Bi hitzaldi izango dira bihar Ixa Taldeko mintegian. Australiatik datoz hizlari biak, baina David oso ezaguna dugu, ixakide ohia da-eta. Bisitan datorkigu beste behin.
Tokia: Fakultateko 3.2 gela
Eguna: Urriaren 14a, ostirala
Izenburua: Word classes in Indonesian: A linguistic reality or a convenient fallacy in natural language processing?
Hizlaria: Meladel Mistica (Australian National University)
In this talk I will be presenting work on Indonesian (Bahasa Indonesia), and the claim that there is no noun-verb distinction within the language as it is spoken in regions such as Riau and Jakarta. We test this claim for the language as it is written by a variety of Indonesian speakers using empirical methods traditionally used in part-of-speech induction.

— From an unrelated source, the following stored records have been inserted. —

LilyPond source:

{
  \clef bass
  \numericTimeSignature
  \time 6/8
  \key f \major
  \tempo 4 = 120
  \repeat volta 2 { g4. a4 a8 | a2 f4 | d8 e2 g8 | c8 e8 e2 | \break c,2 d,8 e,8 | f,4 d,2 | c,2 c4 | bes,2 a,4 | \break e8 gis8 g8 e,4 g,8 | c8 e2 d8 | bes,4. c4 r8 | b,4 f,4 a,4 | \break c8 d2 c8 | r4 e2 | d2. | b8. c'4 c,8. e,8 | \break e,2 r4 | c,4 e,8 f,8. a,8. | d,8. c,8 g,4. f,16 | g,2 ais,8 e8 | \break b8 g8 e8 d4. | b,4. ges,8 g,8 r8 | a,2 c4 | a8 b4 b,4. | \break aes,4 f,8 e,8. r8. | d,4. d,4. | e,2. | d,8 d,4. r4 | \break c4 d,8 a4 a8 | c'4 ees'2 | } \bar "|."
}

In this study we use only morphological patterns that we generate from a pre-existing morphological analyser. We find that once the distribution of the data points in our experiments match the distribution of the text from which we gather our data, we obtain results that show a significant distinction between the class of nouns and the class of verbs in Indonesian. Furthermore it shows promise that the labelling of word classes may be achieved only with morphological features, which could be applied to out-of-vocabulary items.

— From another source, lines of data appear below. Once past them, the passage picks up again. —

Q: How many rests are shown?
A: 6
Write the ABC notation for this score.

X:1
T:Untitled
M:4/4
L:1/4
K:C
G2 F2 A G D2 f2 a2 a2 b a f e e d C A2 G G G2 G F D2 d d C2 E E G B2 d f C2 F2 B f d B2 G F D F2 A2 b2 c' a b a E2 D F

The first short talk describes the implementation and evaluation of a text classification system of pathology reports for the Royal Melbourne Hospital, which relied on document-level annotations obtained from the medical workflow. We observed that a basic machine learning framework with linguistic features carries the potential to make an impact in their process.

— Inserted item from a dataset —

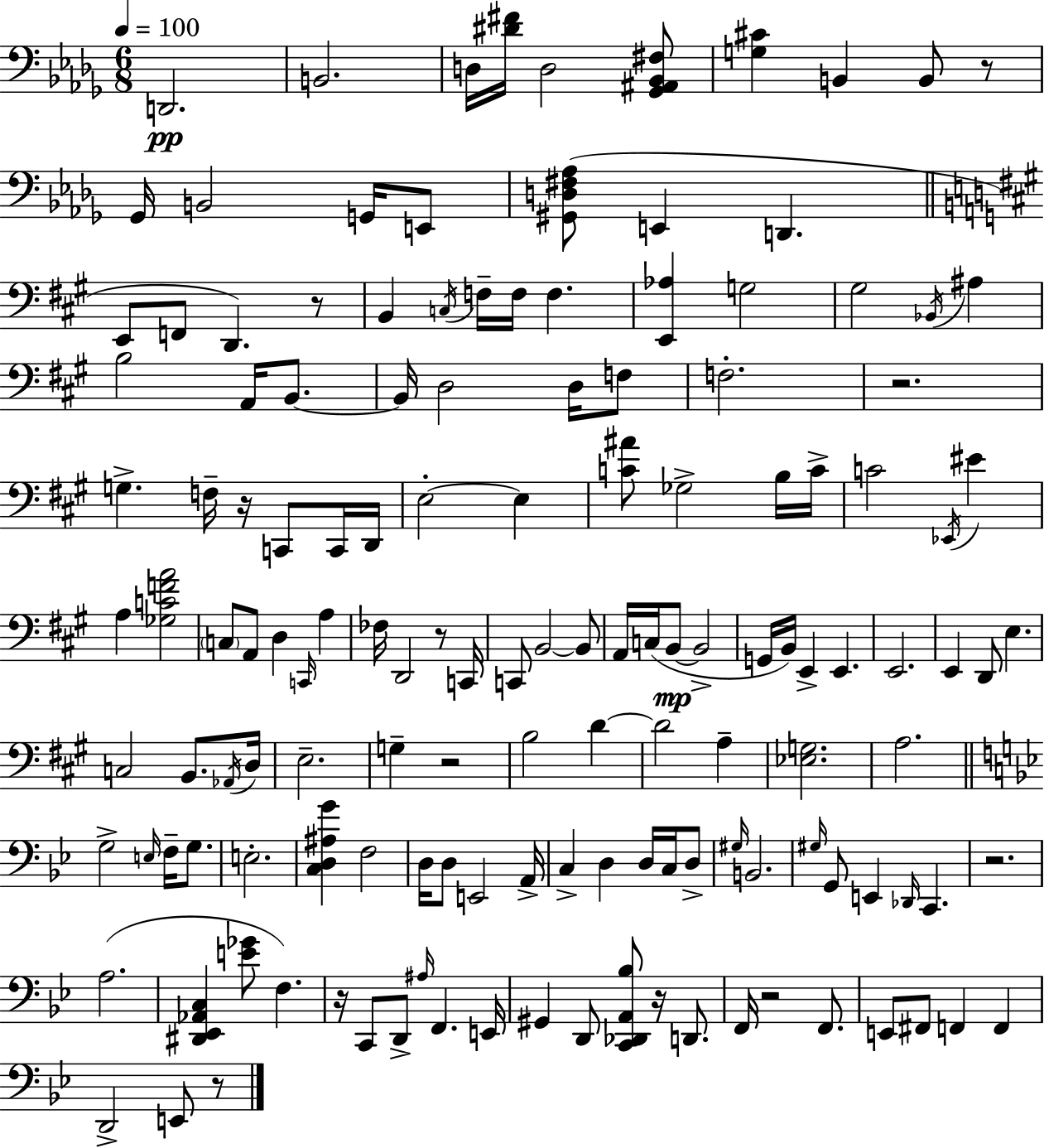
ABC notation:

The second talk describes our work on modifiers of biomedical events over the BioNLP-2009 dataset. Our system combines a simple bag-of-words method with two grammar-based approaches, namely the English Resource Grammar and the RASP parser. We interpret the output of the respective parsers via MRS (Minimal Recursion Semantics), and feed them into a machine learner. Our results indicate that grammar-based techniques can enhance the accuracy of methods for detecting event modification.